Let’s take for example the marathon runner. A world class time is to run a marathon in about two hours, yet — let’s say — we are currently running the marathon in about three hours, which is still pretty quick. Gee, if we believe real hard and run as fast as we can, we certainly should be able to reduce our time by 33% and run it in two hours! That doesn’t sound too bad. Let’s do it!
Unsurprisingly, very few improvements in sports or business come by just trying really hard and thinking about a target number. Instead, it ultimately consists of step by step changes following a specific program of improvement. Yes, we do periodically discover a disruptive change (PCs, internet, social media, mobile phones, mobile apps, etc.) that results in a change in approach and a huge change in productivity.
I was feeling proud of myself for getting through to the new CEO. He finally believed my numbers showing that a key problem was that we consistently missed our schedules by 20% by underestimating how long it would take for us to complete our projects.
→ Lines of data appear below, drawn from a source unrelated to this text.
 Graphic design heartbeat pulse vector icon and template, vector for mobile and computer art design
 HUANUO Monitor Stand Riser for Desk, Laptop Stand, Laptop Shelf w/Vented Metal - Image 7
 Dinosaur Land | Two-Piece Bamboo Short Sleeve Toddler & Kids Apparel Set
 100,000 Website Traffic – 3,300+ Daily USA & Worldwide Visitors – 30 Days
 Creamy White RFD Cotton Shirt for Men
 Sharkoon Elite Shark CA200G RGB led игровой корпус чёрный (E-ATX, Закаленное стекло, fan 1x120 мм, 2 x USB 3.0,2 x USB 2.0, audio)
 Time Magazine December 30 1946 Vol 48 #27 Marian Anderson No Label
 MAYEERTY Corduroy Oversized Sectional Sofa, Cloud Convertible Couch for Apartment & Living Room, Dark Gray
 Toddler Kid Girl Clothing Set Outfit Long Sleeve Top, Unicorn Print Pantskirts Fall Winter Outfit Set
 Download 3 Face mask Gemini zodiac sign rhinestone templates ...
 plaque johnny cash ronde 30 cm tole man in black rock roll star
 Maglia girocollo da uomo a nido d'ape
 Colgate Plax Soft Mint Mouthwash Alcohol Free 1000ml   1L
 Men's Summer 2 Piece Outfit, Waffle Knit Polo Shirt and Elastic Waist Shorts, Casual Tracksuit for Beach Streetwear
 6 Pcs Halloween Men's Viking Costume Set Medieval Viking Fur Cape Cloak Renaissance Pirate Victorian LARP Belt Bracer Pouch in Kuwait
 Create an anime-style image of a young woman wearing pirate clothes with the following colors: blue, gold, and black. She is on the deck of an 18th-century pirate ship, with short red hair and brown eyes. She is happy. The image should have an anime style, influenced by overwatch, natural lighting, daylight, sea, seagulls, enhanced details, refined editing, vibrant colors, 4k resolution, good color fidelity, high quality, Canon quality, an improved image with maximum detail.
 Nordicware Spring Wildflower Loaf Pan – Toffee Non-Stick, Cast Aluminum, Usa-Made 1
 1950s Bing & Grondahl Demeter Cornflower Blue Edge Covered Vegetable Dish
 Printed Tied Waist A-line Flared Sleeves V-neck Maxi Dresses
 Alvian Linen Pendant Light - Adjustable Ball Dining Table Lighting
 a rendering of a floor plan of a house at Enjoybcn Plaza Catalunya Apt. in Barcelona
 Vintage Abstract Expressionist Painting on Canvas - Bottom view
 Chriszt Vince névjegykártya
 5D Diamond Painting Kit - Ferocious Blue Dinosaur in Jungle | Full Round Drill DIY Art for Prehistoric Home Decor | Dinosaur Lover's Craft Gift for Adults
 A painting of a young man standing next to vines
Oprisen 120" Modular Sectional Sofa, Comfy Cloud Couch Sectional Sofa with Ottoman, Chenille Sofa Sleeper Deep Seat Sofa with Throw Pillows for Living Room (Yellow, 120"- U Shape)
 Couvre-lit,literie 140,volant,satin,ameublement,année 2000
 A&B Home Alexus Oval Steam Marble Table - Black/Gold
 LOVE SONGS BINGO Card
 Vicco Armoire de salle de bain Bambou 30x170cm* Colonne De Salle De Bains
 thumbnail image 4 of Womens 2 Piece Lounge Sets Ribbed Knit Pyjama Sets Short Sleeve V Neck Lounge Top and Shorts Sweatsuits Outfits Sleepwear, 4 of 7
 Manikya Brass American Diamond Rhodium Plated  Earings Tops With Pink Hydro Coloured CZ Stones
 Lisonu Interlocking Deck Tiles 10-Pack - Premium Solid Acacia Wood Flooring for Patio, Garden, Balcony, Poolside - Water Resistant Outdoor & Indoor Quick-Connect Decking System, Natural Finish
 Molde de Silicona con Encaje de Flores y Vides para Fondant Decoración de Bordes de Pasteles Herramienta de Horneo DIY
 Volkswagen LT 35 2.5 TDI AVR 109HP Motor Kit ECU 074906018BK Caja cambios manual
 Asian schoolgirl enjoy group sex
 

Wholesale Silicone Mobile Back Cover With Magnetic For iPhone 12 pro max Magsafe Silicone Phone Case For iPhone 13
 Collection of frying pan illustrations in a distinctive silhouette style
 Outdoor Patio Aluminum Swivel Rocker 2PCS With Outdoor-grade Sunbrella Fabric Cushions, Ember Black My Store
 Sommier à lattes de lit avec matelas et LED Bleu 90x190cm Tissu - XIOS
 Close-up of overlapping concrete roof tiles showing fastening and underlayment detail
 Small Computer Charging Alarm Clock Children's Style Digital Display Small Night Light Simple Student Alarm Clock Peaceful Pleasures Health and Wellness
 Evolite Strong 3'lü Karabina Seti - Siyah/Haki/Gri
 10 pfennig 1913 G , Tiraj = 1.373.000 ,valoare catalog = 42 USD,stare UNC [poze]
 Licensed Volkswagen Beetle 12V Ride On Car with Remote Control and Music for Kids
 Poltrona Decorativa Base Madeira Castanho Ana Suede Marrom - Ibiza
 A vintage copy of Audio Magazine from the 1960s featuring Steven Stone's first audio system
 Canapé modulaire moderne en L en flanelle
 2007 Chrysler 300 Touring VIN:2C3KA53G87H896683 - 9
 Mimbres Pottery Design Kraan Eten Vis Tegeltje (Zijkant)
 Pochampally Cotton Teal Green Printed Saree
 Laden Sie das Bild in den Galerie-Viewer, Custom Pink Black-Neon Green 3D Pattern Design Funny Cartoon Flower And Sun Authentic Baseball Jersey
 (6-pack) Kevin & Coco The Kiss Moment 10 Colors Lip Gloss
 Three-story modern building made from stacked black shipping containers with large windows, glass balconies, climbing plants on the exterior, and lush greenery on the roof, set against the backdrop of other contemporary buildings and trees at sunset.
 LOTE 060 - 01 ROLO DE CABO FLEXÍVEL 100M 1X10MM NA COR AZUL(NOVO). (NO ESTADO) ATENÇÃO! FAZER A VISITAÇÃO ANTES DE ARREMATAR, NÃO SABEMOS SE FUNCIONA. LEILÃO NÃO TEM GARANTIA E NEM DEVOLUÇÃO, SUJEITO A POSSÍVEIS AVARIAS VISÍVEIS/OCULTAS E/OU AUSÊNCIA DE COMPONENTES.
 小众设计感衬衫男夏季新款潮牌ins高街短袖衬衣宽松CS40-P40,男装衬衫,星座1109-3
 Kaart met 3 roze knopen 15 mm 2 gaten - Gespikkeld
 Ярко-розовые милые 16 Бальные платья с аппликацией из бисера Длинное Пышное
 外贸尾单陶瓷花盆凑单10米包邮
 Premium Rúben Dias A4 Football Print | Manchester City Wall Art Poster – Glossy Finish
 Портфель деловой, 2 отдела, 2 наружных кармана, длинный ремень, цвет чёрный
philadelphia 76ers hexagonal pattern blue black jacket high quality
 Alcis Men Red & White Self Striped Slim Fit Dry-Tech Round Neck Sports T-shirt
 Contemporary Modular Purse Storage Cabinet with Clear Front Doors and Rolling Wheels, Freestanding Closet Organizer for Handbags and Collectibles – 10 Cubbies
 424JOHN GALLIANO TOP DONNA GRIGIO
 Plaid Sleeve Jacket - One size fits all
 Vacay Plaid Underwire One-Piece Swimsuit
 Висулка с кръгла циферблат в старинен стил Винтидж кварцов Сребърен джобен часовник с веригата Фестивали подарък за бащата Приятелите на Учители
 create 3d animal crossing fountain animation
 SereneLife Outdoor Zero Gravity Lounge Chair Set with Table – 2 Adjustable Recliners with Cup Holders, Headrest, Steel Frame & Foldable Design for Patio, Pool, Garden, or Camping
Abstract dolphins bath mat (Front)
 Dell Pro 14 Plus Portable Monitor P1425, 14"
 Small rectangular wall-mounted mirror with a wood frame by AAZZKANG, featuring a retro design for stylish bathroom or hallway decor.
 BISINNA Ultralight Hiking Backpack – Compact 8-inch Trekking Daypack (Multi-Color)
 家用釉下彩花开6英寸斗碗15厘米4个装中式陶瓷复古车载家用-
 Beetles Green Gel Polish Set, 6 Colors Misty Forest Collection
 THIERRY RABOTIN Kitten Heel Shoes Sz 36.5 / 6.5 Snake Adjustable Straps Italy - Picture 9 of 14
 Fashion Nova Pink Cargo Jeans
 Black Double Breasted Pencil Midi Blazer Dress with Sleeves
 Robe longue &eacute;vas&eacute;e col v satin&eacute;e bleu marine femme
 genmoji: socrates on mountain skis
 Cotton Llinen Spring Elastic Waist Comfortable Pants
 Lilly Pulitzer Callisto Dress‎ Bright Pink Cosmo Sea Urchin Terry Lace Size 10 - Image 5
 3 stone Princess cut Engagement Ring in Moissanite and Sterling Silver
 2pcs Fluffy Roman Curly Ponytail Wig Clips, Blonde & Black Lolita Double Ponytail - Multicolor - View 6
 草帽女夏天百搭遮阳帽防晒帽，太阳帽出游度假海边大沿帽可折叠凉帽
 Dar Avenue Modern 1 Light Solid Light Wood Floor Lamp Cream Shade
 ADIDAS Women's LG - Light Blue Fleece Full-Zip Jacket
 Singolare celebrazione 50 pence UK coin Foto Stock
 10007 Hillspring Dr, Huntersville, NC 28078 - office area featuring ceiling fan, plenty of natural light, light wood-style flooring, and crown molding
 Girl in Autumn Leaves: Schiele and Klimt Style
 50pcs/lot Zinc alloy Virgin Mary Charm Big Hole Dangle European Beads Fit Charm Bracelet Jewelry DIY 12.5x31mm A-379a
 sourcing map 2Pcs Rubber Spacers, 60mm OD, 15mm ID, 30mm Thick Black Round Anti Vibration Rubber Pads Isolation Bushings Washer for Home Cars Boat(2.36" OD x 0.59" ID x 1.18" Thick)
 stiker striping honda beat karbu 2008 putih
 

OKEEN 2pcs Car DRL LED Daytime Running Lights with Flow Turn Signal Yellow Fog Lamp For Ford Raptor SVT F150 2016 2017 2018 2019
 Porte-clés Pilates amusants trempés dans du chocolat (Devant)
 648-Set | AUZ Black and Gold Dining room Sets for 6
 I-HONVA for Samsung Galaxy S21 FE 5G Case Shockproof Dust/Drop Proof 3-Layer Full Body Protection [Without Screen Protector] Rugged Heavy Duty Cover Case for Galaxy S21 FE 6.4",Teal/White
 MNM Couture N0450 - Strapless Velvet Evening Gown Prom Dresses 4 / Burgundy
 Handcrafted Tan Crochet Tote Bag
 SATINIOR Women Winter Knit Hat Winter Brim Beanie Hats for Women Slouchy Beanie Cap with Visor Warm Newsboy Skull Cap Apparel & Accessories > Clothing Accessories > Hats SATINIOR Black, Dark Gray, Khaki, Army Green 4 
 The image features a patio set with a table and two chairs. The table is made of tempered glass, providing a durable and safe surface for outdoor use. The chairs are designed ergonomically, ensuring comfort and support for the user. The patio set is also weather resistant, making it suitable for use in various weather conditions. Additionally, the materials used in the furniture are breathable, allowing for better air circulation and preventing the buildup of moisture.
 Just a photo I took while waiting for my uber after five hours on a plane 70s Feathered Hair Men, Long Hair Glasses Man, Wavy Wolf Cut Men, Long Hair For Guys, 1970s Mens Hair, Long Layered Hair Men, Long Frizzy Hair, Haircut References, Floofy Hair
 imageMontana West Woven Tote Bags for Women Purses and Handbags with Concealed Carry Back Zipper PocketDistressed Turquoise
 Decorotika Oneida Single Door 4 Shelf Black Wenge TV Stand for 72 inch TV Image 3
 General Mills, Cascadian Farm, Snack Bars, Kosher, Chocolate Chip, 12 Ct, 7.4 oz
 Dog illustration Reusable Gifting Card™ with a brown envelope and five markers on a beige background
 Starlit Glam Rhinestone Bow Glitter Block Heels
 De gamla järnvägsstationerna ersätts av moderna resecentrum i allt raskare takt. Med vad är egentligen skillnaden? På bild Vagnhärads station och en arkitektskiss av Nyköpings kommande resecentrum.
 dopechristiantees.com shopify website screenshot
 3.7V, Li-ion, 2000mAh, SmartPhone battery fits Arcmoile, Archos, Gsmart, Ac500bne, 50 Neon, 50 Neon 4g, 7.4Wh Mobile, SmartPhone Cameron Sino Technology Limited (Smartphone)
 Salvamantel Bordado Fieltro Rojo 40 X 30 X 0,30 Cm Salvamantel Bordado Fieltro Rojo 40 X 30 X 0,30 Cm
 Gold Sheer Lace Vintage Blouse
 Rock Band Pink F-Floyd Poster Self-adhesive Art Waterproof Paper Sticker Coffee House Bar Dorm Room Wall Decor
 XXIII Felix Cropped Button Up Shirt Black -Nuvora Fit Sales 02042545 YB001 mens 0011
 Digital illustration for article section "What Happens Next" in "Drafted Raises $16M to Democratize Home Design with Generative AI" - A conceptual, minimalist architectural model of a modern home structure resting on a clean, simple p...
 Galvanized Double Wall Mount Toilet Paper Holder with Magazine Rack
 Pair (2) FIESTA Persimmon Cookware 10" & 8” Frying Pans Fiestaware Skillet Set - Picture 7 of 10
My solution was pretty simple, we start planning the next product 20% earlier (about three months for most projects). His solution? Buried in his “how we get well” Powerpoint slides at the corporate all-hands meeting was one bullet that said “and do it all 20% faster ….” Did we succeed? No.
While we want to stay positioned to leverage the ability to make a significant improvement (usually by letting individuals pursue innovative ideas) the majority of improvements between these major innovations come from incremental changes to existing processes. These are rarely 33-50% improvements, but often 3-5% improvements that build on themselves in a compounding way.
For more on where innovations come from see The Project Manager’s Secret Of Innovation
We had finally gotten our organization to deliver our software upgrades on time and with good quality. We had simultaneously cleaned up our backlog of requested customer changes and just about all reported defects. Our customers were delighted and rewarded us with a flood of new requests for improvements.
However, not everyone was happy. One major customer, who was always pushing us to do more, told us they did not want to take our newest version. While we had given them everything they had asked for, it turned out that it was too many changes for them to absorb into their business processes.
While we had worked hard and accomplished a lot as a team to achieve this new level of productivity and quality, none of the changes in how we worked were very big or very hard to implement. In this case we simply got better at doing what we were already doing. These small incremental improvements overcame our problems, and our backlog.
For some specific examples of improvements, see It Should Work The First Time
Focusing on incremental improvements while staying positioned to jump on new revolutionary changes is a formula for staying competitive and in business (or in our job) during both good and bad times. While this may be obvious, too often I’ve observed companies focusing on the “big win” and neglecting the day to day improvements that can keep them in business and keep them ready to capture that big wave of the future, a step ahead of their competitors.
Are you doing enough incremental improvements to keep you competitive until the next big thing?